Ongoing treatment with opioids and/or cannabis products and/or neuroleptics, or treatment terminated <4 weeks before inclusion.

Hypersensitivity to the study compounds.

Suspected for, or evidence of, active schizophrenia, other psychotic illness in the family history (first degree relatives), other significant psychiatric disorder or treated depression associated with underlying condition.

Epilepsy or recurrent seizures.

Use of strong cytochrome P450 3A4 inducers.

Experimental treatment

The treatment starts with oral CBD 10 mg or placebo before bedtime, and increases after 2 weeks to 10 mg two times per day. Finally, and in case of lack of effect (VAS-pain reduction <20) from the beginning of the fifth week, the treatment increases to 10 mg three times per day.

The clinical assessment after 12 weeks defines how to proceed during the following 12 weeks: in case of a sufficient response, that is, a VAS-pain reduction of ≥20, the established treatment continues randomised and without any further adjustment.

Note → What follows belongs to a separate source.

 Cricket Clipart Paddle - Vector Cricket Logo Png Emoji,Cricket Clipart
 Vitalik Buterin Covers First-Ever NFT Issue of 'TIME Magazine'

In case of insufficient response, that is, a VAS-pain reduction of <20, randomisation is terminated. Patients who received placebo are shifted to the active compound, that is, CBD treatment, and dose adjustment is performed, as mentioned above. In patients who received CBD treatment during the randomised period, the open label follow-up combines CBD with THC, that is, oral THC 2.5 mg daily is added to the ongoing CBD treatment.

The THC dose is increased after 2 weeks to 2.5 mg two times per day (in total, 5 mg THC/day), and in case of lack of effect (VAS-pain reduction <20, compared with VAS 20, as defined at clinical assessment after 12 weeks), after another 2 weeks to 2.5 mg three times per day (in total, 7.5 mg THC/day) from the beginning of the 17th week.

Figure 1 presents the consort flowchart and figure 2 the treatment flowchart.